(Crawled caption data)
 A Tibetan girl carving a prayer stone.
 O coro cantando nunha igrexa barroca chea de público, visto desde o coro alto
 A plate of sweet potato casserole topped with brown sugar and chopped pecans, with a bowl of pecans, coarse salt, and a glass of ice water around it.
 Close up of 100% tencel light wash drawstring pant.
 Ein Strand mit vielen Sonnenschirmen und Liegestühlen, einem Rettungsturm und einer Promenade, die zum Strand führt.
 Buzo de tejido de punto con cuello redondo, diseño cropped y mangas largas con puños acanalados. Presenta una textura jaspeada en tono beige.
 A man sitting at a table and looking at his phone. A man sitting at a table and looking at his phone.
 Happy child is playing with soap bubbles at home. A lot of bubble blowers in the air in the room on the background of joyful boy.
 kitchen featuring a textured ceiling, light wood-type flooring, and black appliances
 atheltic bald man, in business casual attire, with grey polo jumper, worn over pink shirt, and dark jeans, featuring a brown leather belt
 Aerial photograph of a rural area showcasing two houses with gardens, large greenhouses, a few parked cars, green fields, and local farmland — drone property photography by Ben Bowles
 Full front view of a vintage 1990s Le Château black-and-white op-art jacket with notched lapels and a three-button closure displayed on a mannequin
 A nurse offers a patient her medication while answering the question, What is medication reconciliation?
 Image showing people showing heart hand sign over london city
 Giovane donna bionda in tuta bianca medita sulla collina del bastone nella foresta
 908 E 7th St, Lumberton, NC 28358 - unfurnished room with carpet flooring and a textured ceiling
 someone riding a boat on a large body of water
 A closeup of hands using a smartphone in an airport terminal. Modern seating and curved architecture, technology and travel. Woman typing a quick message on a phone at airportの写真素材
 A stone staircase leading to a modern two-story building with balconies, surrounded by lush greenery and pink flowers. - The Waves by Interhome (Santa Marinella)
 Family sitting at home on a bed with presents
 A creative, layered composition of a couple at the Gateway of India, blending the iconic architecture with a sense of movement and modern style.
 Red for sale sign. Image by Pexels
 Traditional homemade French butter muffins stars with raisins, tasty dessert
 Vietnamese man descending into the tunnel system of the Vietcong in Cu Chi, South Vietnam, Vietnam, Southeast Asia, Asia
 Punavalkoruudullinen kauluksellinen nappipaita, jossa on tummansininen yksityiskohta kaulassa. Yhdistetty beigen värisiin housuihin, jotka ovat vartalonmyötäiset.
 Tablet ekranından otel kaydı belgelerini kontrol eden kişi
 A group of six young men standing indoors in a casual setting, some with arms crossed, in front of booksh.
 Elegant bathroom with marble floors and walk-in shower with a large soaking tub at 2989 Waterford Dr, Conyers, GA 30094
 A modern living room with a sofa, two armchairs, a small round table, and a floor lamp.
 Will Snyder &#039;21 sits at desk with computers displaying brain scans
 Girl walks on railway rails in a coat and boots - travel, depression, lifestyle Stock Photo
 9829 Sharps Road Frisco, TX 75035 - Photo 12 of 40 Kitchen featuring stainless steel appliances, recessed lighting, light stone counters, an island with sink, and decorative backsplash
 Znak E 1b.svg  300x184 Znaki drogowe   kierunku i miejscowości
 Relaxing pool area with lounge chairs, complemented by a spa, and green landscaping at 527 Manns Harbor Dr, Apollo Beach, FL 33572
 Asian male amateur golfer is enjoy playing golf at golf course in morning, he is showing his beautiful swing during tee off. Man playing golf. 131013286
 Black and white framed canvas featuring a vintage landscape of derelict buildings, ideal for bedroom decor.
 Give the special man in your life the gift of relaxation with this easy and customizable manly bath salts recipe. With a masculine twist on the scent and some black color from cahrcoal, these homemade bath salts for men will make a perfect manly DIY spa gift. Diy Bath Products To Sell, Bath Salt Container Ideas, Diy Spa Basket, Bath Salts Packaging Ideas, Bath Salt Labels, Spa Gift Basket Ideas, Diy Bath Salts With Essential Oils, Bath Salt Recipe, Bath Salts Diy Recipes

Your instructions>
Starting with the line with "Tablet ekranından otel" above and going on through the line with "A modern living", transcribe every line exactly, both ends included, and add nothing.

Completed exercise>
 Tablet ekranından otel kaydı belgelerini kontrol eden kişi
 A group of six young men standing indoors in a casual setting, some with arms crossed, in front of booksh.
 Elegant bathroom with marble floors and walk-in shower with a large soaking tub at 2989 Waterford Dr, Conyers, GA 30094
 A modern living room with a sofa, two armchairs, a small round table, and a floor lamp.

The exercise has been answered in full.